* **EXERCISE DETAILS**: From the line with "cplpurpleheart iPhone Phone Cases" to the line with "Clais Dames Regenboots Negre", output every line below exactly, both ends included. Skip the pictures.

* **PROVIDED RECORDS**:
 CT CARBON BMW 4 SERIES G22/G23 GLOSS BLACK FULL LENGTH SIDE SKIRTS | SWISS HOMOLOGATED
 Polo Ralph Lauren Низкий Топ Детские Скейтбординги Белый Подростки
--
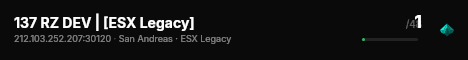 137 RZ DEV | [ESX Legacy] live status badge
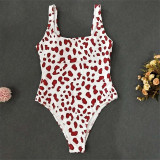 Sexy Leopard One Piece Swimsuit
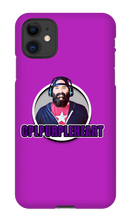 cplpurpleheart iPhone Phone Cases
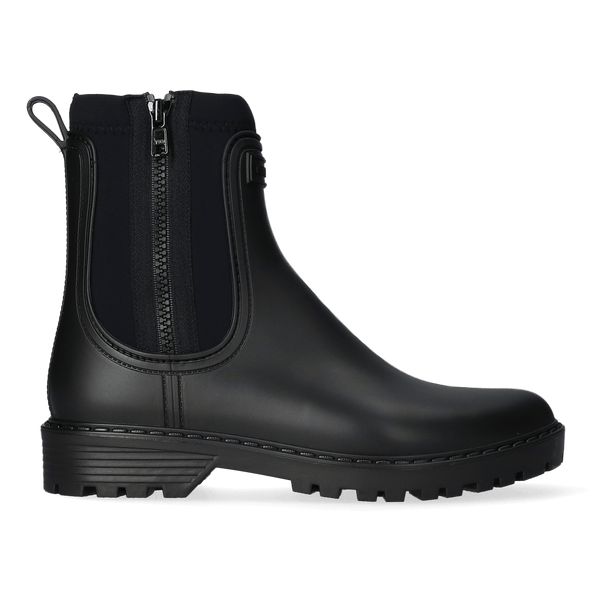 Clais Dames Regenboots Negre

* **TASK RESULT**:
 cplpurpleheart iPhone Phone Cases
 Clais Dames Regenboots Negre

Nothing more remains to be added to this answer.